LISTED ENTRIES –
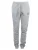 North Sails broek Mannen Grijs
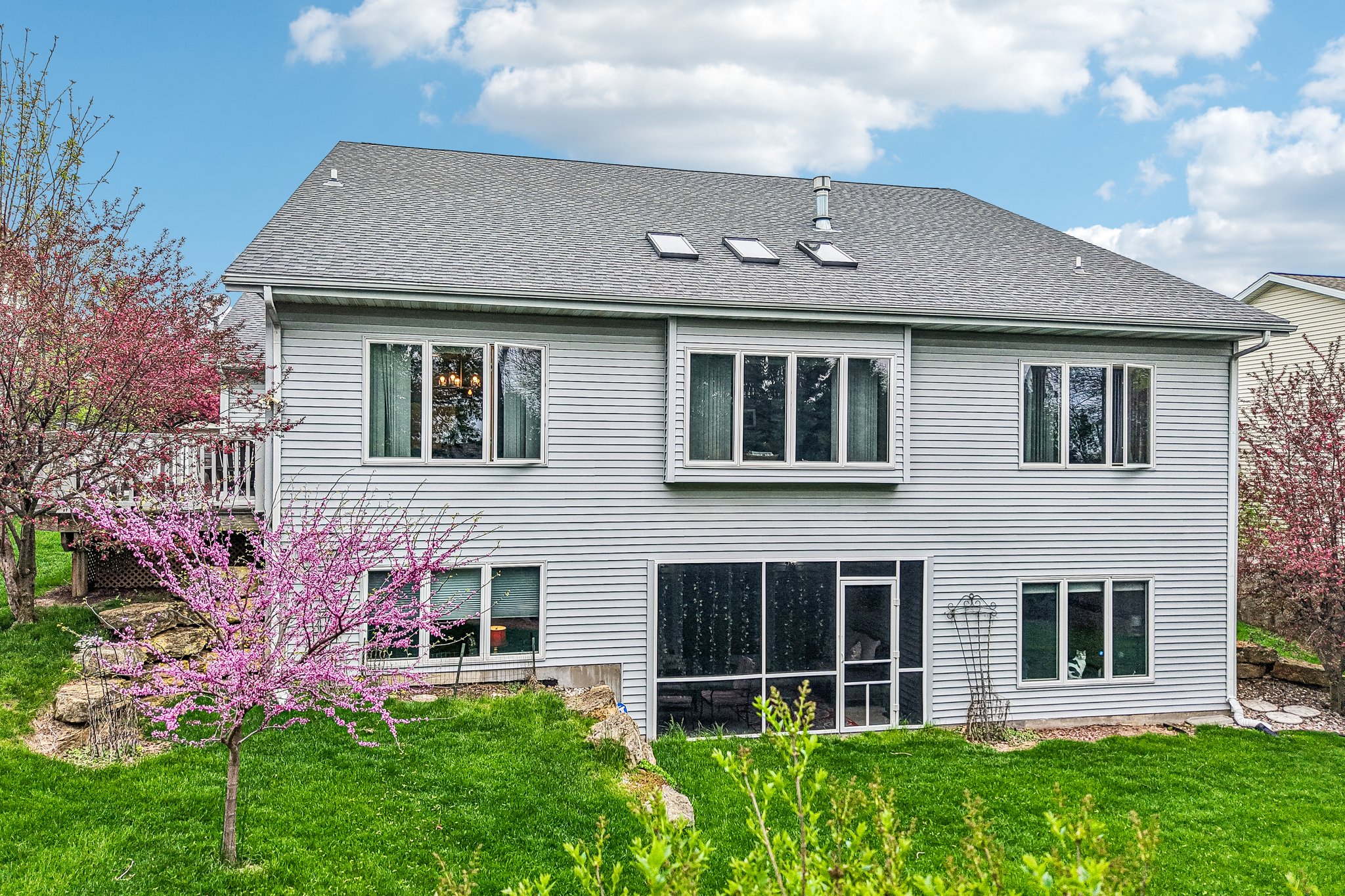 Collingwood Dr-S2804-064.jpg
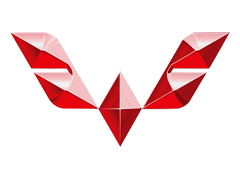  Wuling  Logo HD Png Information Carlogos org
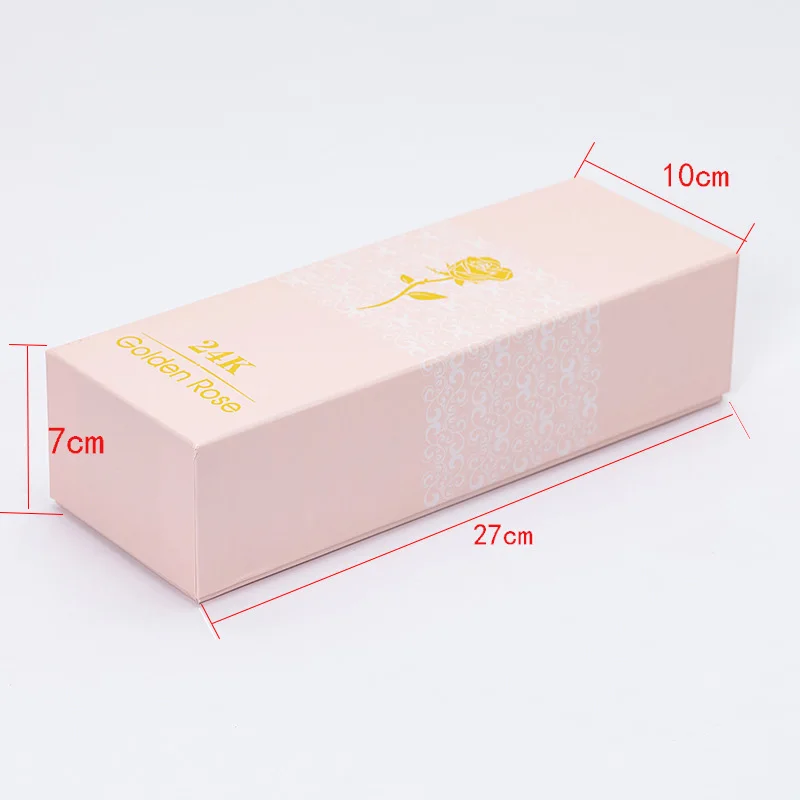 11054608755_1081307585 副本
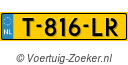 T816LR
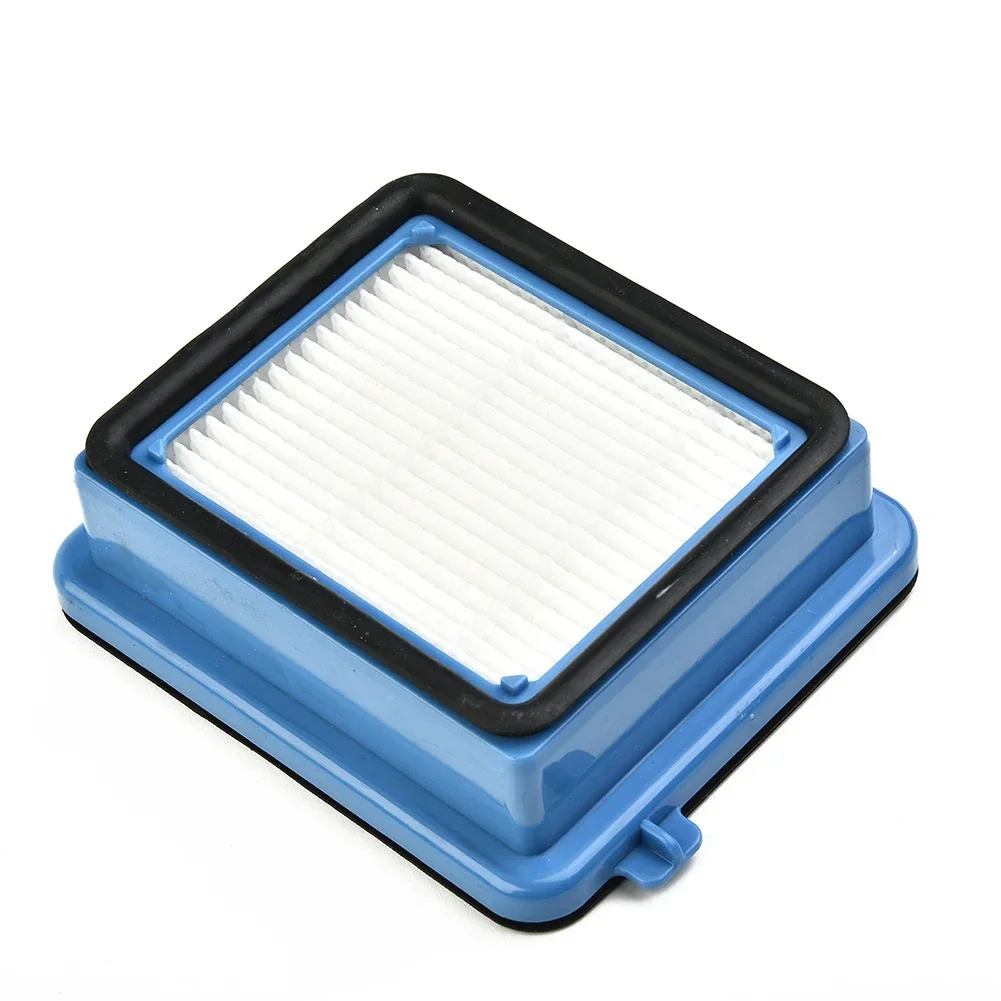 Filtro y filtro de premotor para aspiradora AEG QX6 QX7 QX8-2, reemplazo de accesorio, 1 unidad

EXERCISE INSTRUCTIONS –
Extract precisely the lines beginning at the line containing "Collingwood Dr-S2804-064.jpg" and ending at the last line of the entries above, exactly as written and with no pictures.

SOLUTION –
 Collingwood Dr-S2804-064.jpg
  Wuling  Logo HD Png Information Carlogos org
 11054608755_1081307585 副本
 T816LR
 Filtro y filtro de premotor para aspiradora AEG QX6 QX7 QX8-2, reemplazo de accesorio, 1 unidad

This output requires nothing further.